==== DATA RECORDS

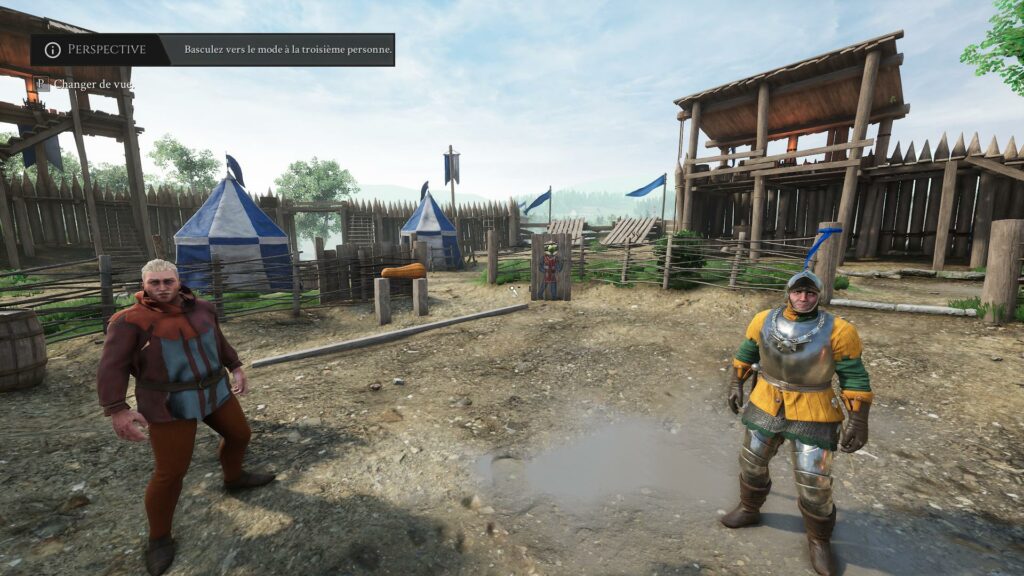 Gameplay de MORDHAU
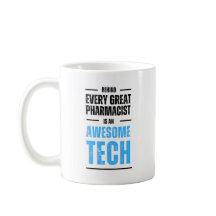 Derrière chaque grand pharmacien est une technolog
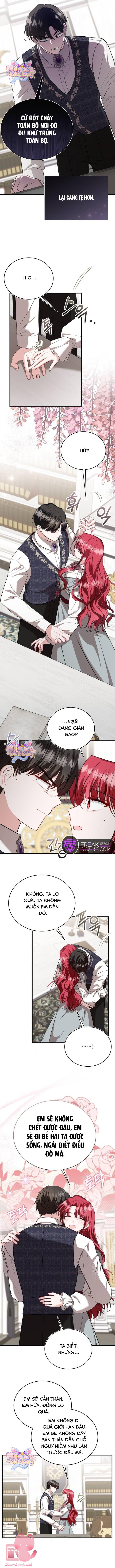 Ta Sẽ Sống Thử Cuộc Đời Của Ác Nữ Chap 52 - Trang 2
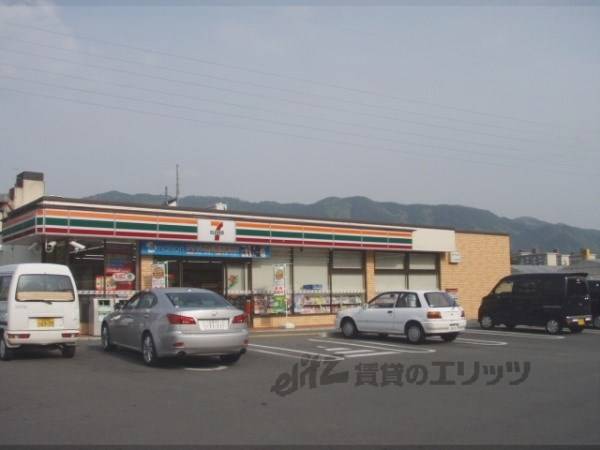 セブンイレブン 山科勧修寺店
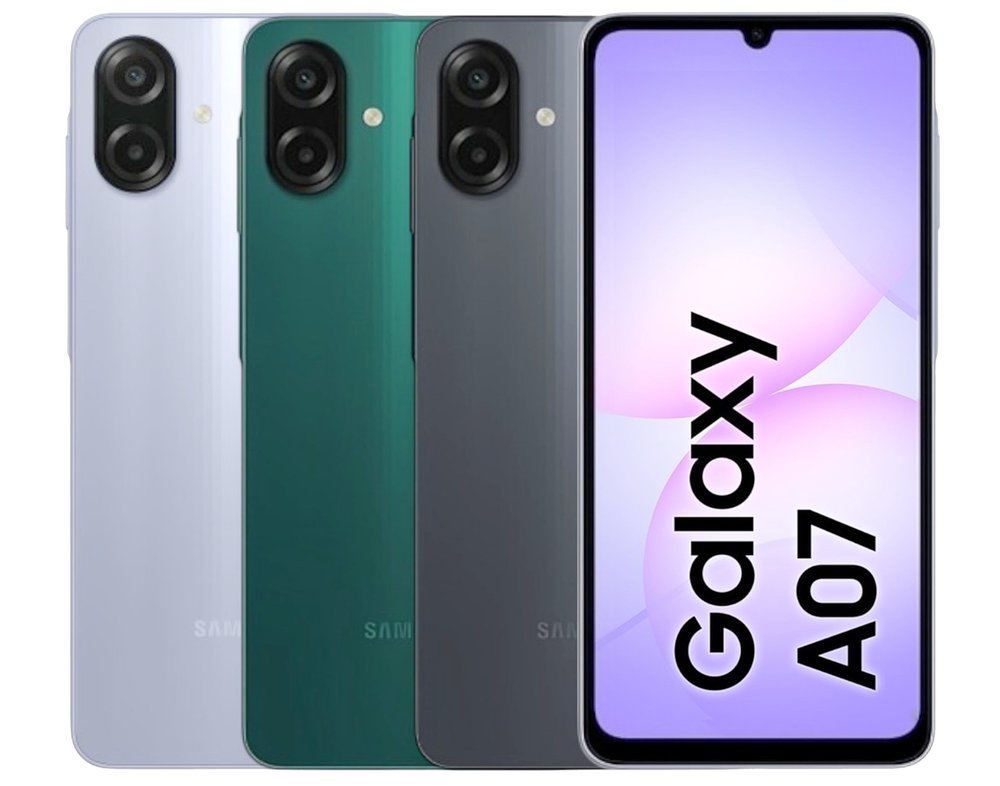 1@VIP Samsung A07 Bộ nhớ 4 GB 128 GB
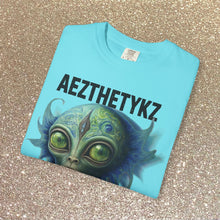 Load image into Gallery viewer, Vangojos: Graphic Print Garment-Dyed Tee Shirt
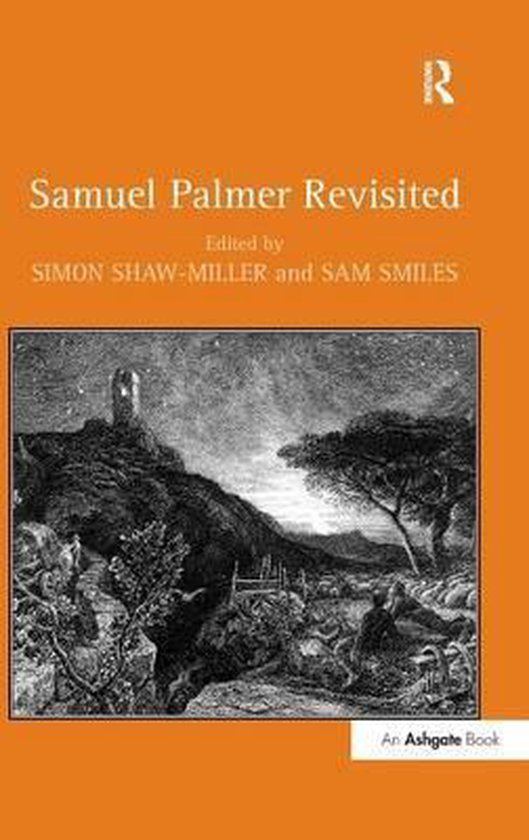Samuel Palmer Revisited - cover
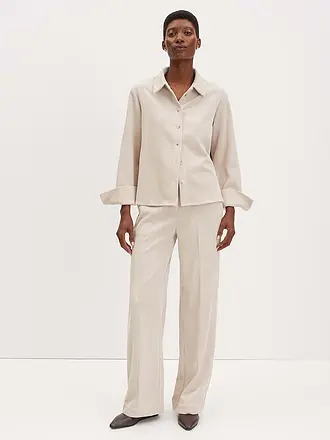 SOMEDAY | Hemdbluse ZORTNEY BOLD | beige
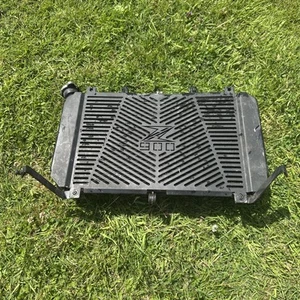 Kawasaki Z900 2017 Coolant Radiator - Picture 1 of 7
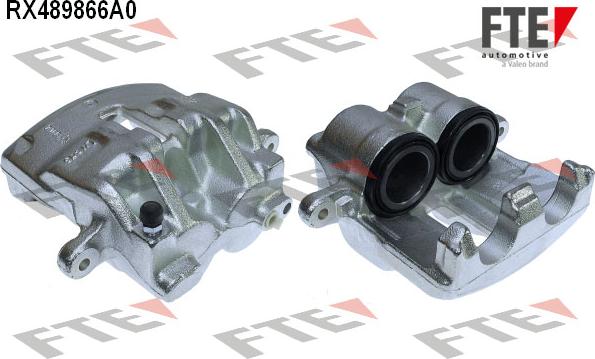 FTE RX489866A0 - Bremžu suports www.autospares.lv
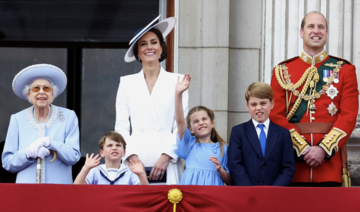 Queen Elizabeth II’s Platinum Jubilee kicks off with pomp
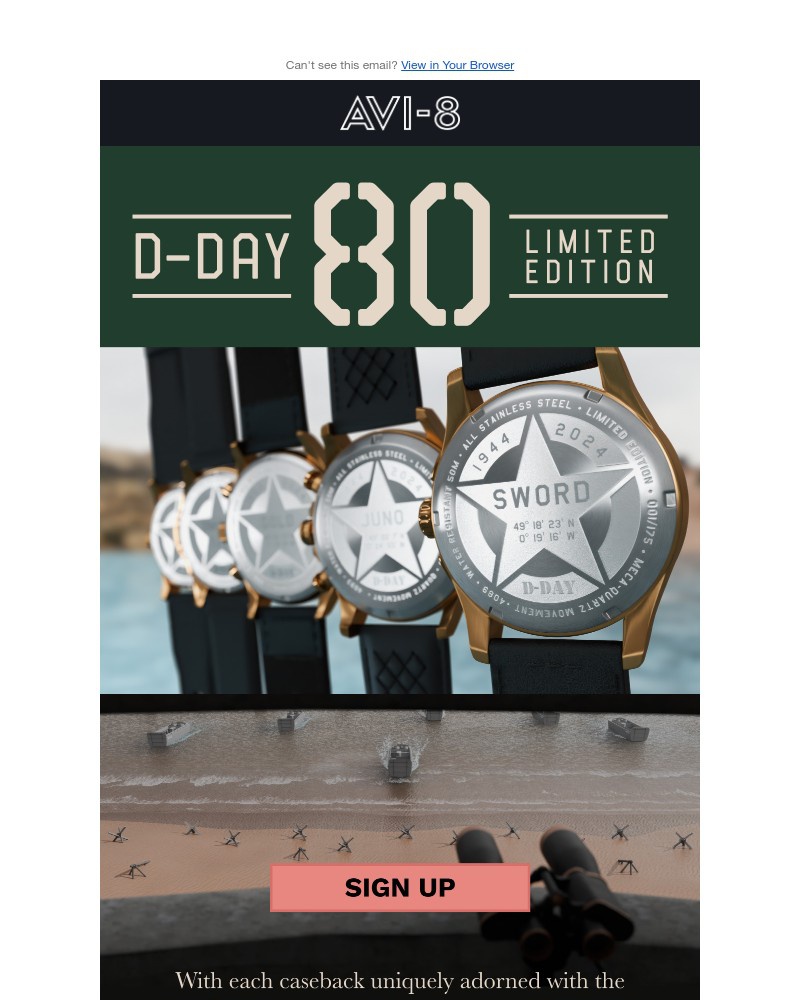 Screenshot of email with subject /media/emails/get-ready-for-d-day-80-limited-edition-288eb5-cropped-2b9e82a7.jpg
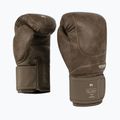 Боксови ръкавици Venum Impact Evo Scales Boxing brown 4
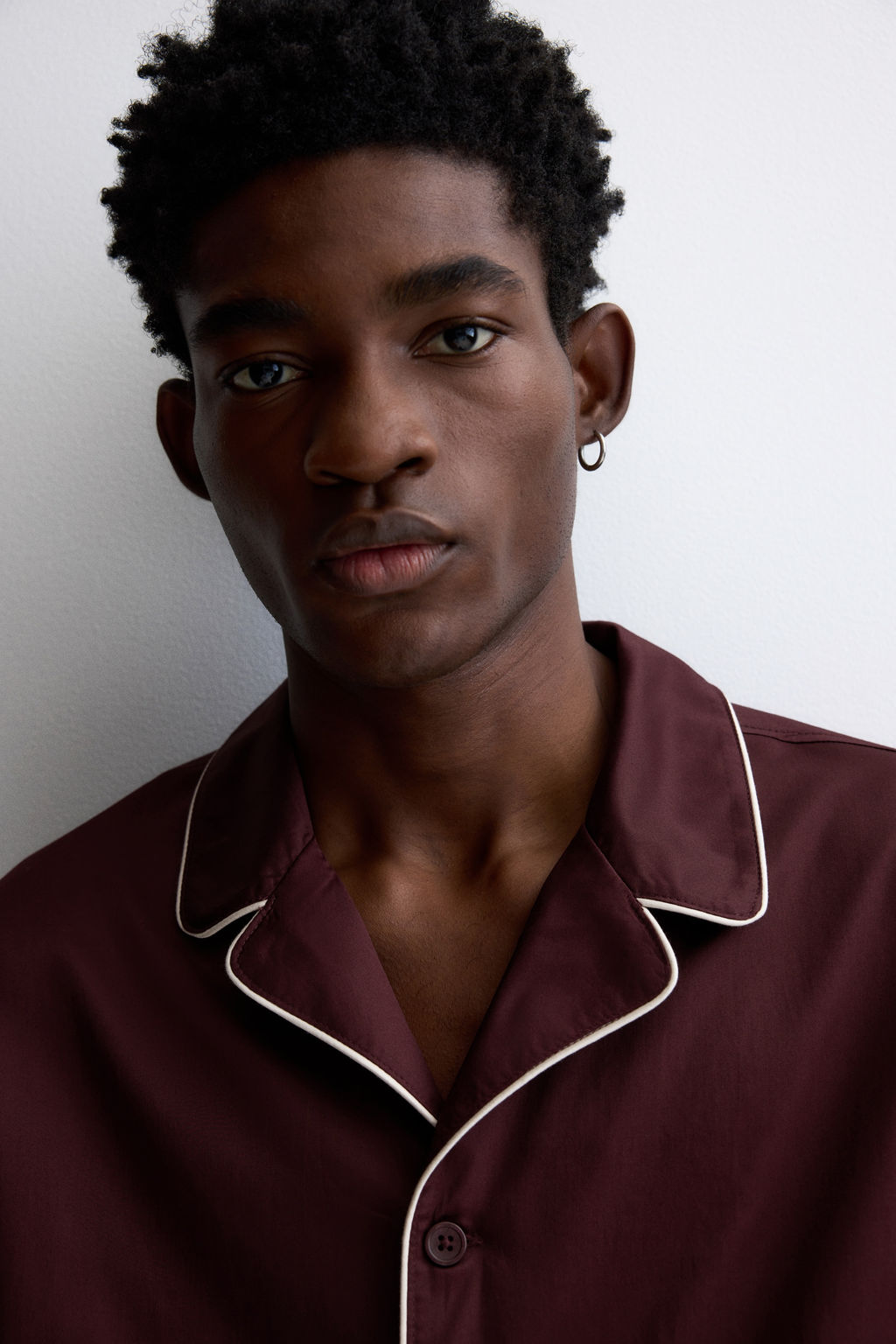 Pijama de dos piezas en algod?n - H&m фото 4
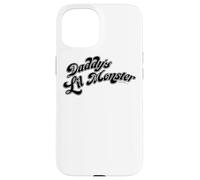 Carcasa para iPhone 15 Suicide Squad Daddys Lil' Monster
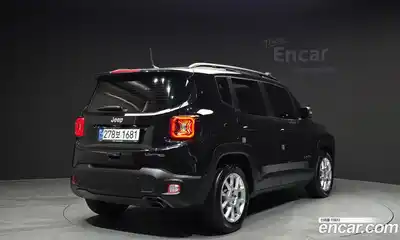 Jeep Renegade 2020 2.4 Автомат в Москве № 232427, миниатюра 2
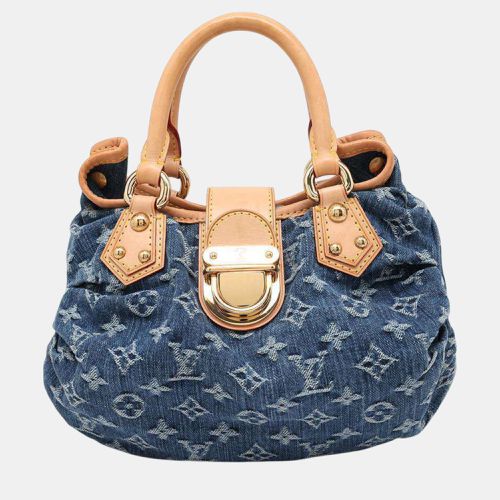 Louis Vuitton Monogram Denim Pretty Bag - Louis Vuitton - Modalova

========

* _PROMPT_
Give back exactly the lines running from the one that contains "Load image into" to the end of the records, including both of those lines and excluding every picture.

* _EXERCISE RESPONSE_
 Load image into Gallery viewer, Vangojos: Graphic Print Garment-Dyed Tee Shirt
Samuel Palmer Revisited - cover
 SOMEDAY | Hemdbluse ZORTNEY BOLD | beige
 Kawasaki Z900 2017 Coolant Radiator - Picture 1 of 7
 FTE RX489866A0 - Bremžu suports www.autospares.lv
 Queen Elizabeth II’s Platinum Jubilee kicks off with pomp
 Screenshot of email with subject /media/emails/get-ready-for-d-day-80-limited-edition-288eb5-cropped-2b9e82a7.jpg
 Боксови ръкавици Venum Impact Evo Scales Boxing brown 4
 Pijama de dos piezas en algod?n - H&m фото 4
 Carcasa para iPhone 15 Suicide Squad Daddys Lil' Monster
 Jeep Renegade 2020 2.4 Автомат в Москве № 232427, миниатюра 2
 Louis Vuitton Monogram Denim Pretty Bag - Louis Vuitton - Modalova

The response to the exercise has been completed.